Stored data
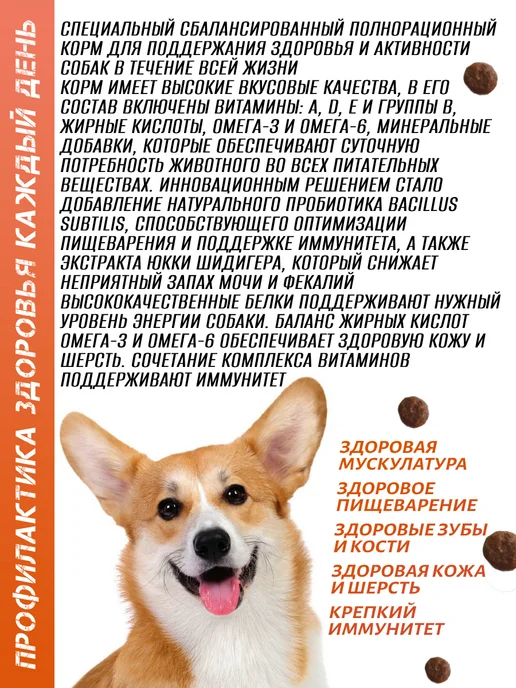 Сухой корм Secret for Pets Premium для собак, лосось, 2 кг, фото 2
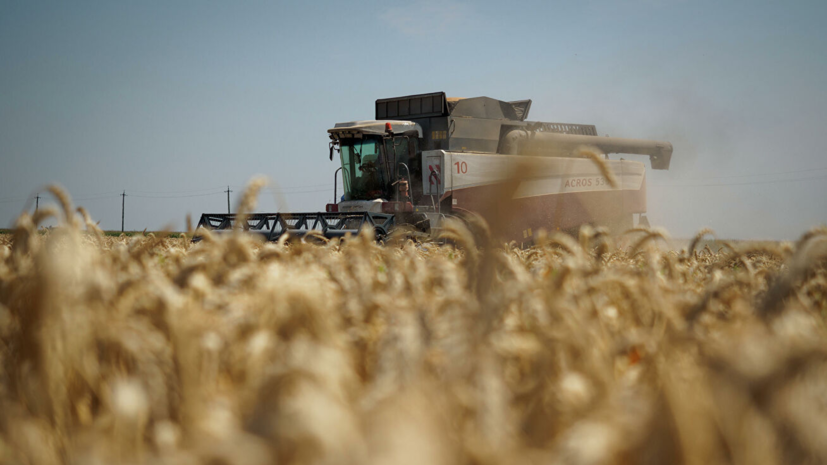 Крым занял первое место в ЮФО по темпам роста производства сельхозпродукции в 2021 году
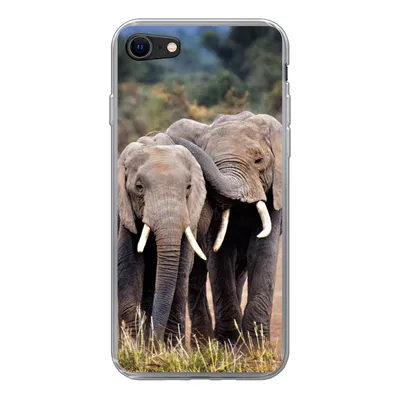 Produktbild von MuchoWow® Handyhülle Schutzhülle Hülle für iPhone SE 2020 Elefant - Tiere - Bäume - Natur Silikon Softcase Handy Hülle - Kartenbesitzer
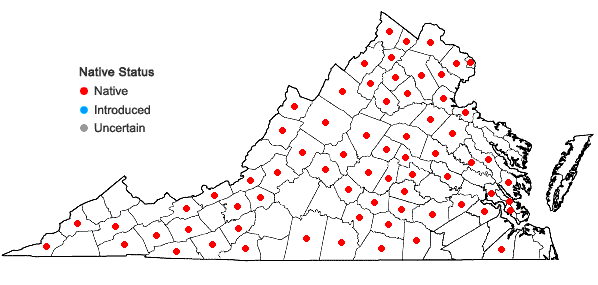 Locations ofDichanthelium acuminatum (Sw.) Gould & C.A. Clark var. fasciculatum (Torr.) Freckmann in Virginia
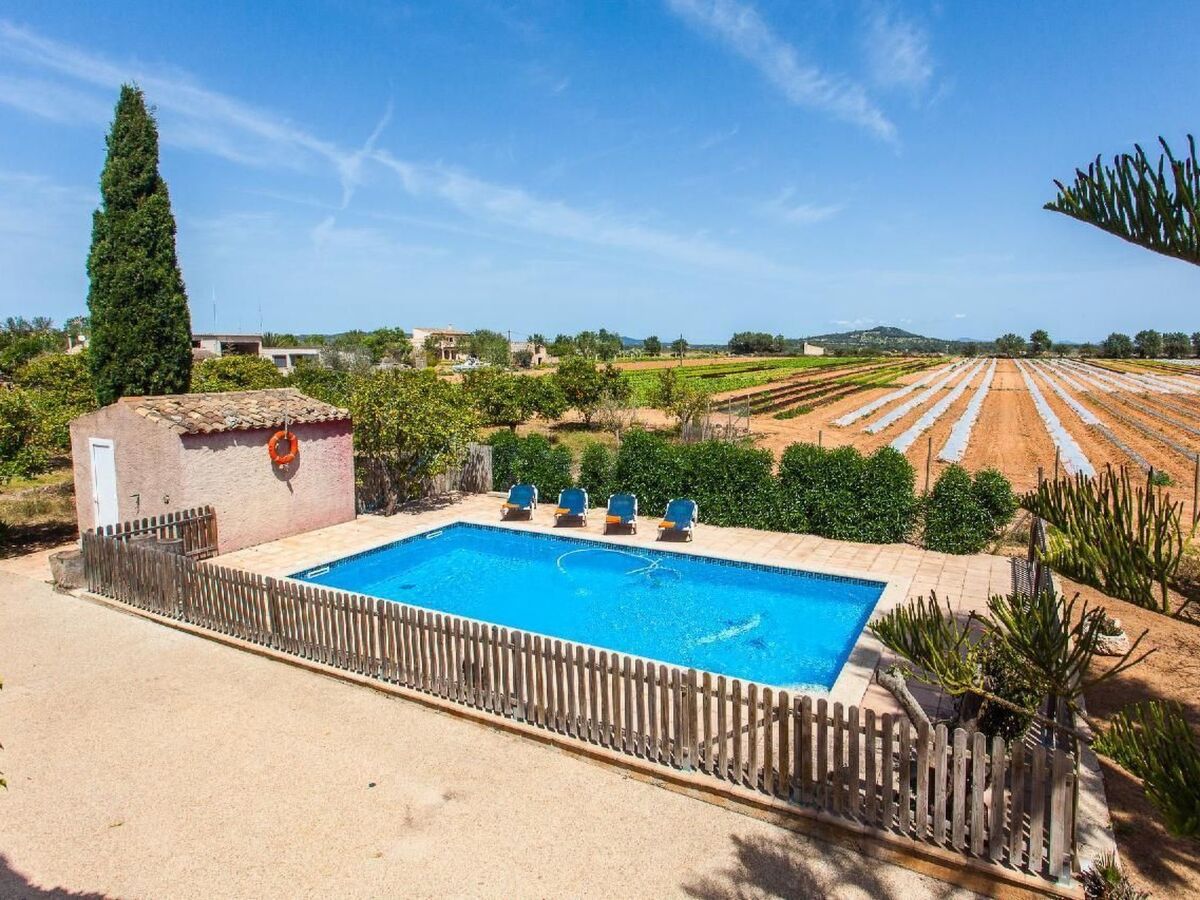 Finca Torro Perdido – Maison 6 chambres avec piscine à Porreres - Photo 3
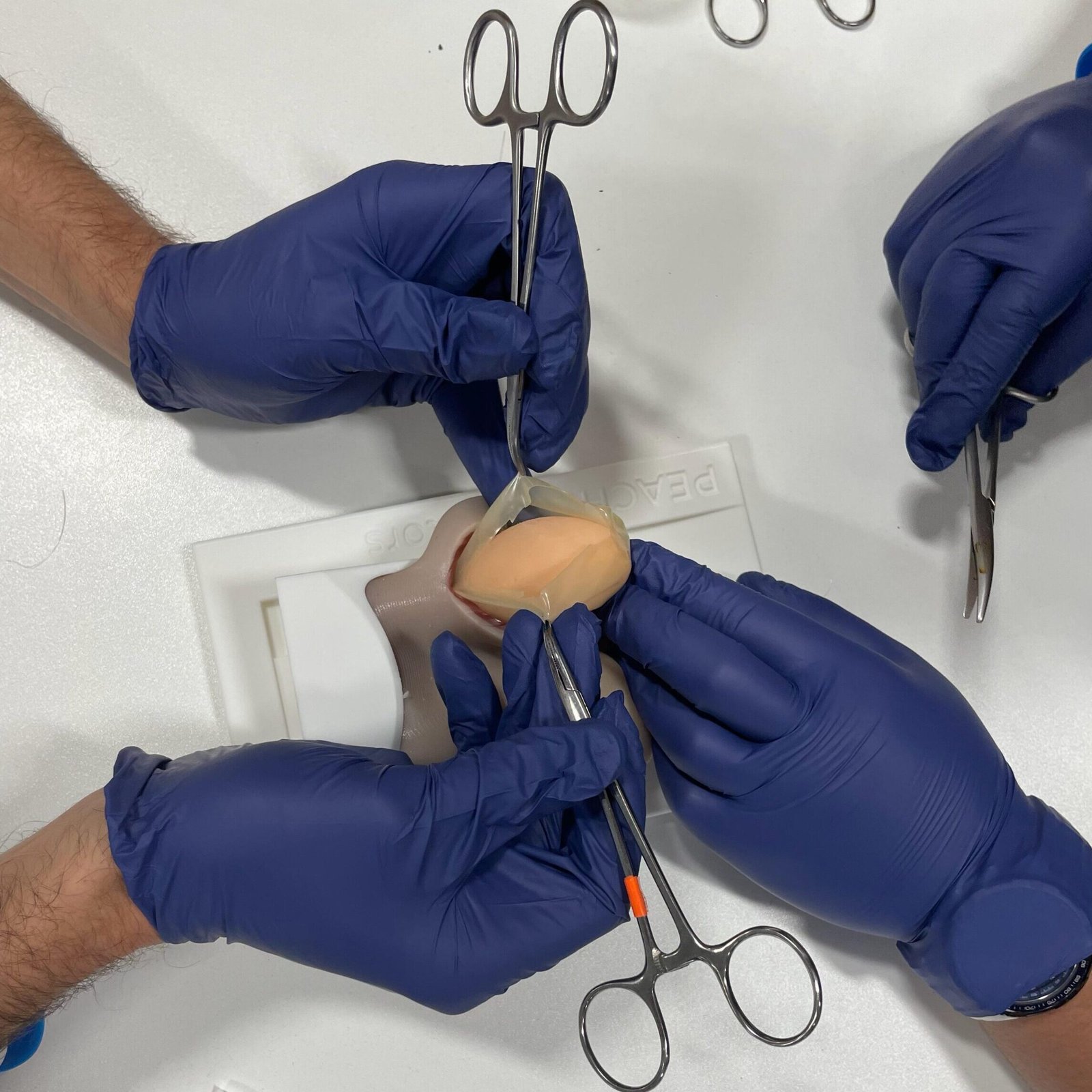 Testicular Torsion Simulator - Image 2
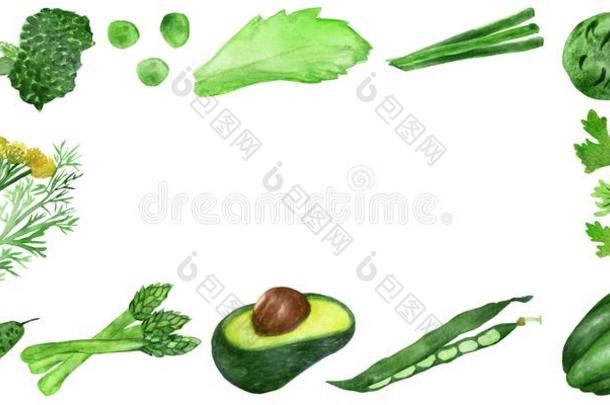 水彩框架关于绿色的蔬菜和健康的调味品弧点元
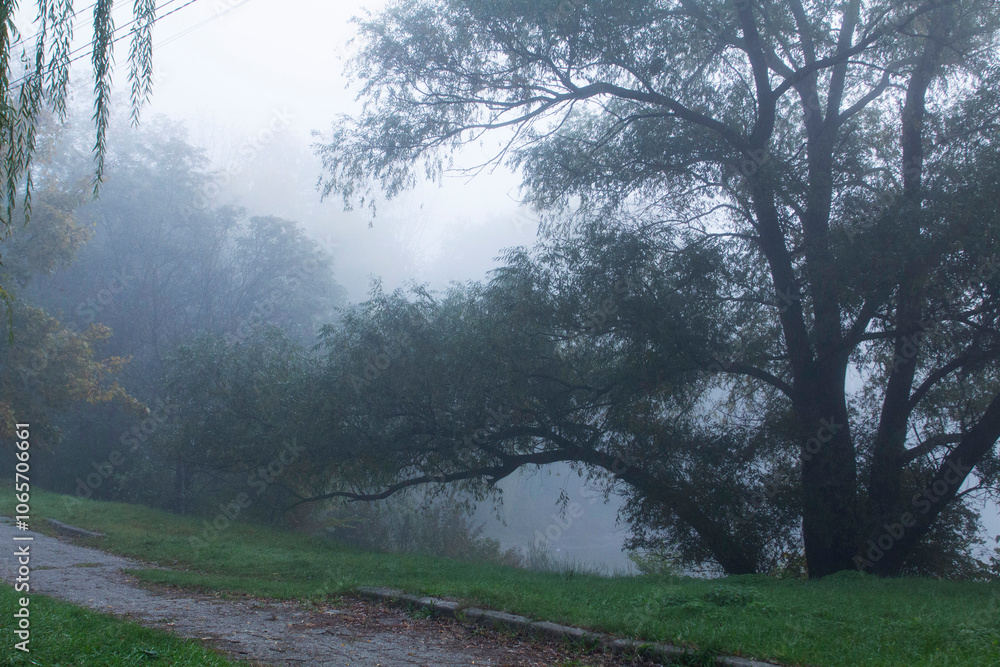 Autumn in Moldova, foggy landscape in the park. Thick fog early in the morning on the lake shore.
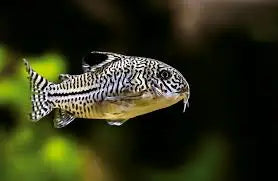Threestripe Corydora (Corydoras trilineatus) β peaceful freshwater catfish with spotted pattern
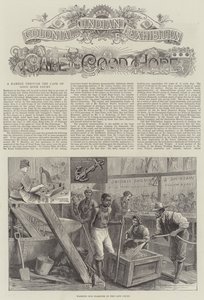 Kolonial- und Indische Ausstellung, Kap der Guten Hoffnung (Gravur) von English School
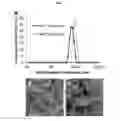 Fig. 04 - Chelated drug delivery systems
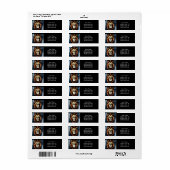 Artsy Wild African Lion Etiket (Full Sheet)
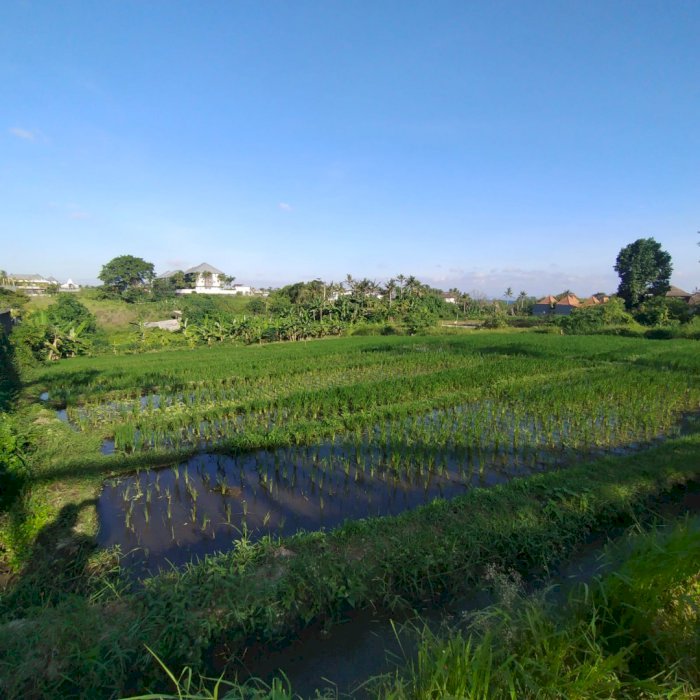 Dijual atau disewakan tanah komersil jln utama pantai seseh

# [EXERCISE DESCRIPTION]
Pictures are to be left out. Write out only the lines above starting at the one with "Produktbild von MuchoWow®" and ending at the one with "水彩框架关于绿色的蔬菜和健康的调味品弧点元", both lines included, exactly.

# [COMPLETED EXERCISE]
 Produktbild von MuchoWow® Handyhülle Schutzhülle Hülle für iPhone SE 2020 Elefant - Tiere - Bäume - Natur Silikon Softcase Handy Hülle - Kartenbesitzer
 Locations ofDichanthelium acuminatum (Sw.) Gould & C.A. Clark var. fasciculatum (Torr.) Freckmann in Virginia
 Finca Torro Perdido – Maison 6 chambres avec piscine à Porreres - Photo 3
 Testicular Torsion Simulator - Image 2
 水彩框架关于绿色的蔬菜和健康的调味品弧点元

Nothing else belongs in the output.